Data for this exercise =
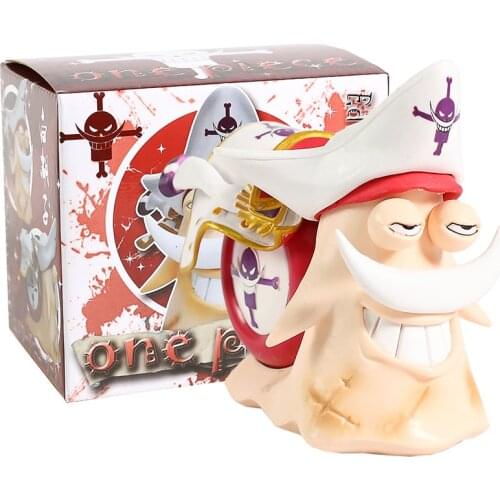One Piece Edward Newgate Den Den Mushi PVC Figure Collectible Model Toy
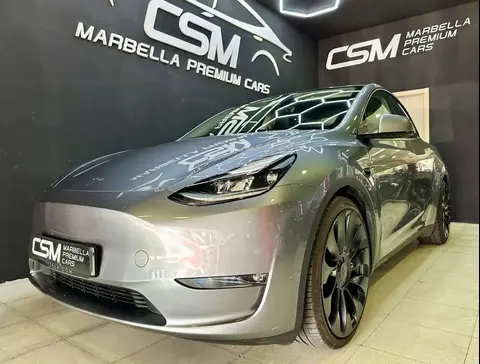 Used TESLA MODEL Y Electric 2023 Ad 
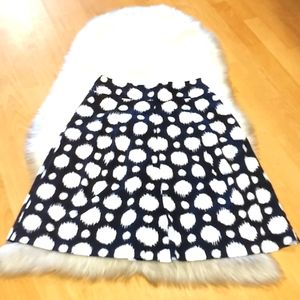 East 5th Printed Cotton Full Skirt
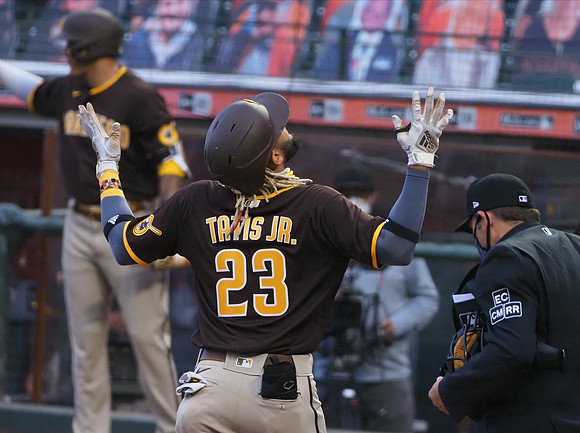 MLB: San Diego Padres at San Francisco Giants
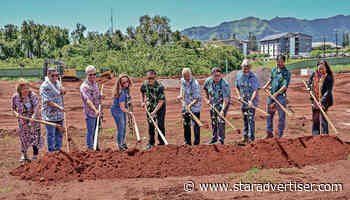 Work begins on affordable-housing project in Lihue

What needs to be done =
Please transcribe, word for word, every line from the one containing "East 5th Printed Cotton Full Skirt" through the last line of the records, both included, and leave the pictures out.

Written answer =
 East 5th Printed Cotton Full Skirt
 MLB: San Diego Padres at San Francisco Giants
 Work begins on affordable-housing project in Lihue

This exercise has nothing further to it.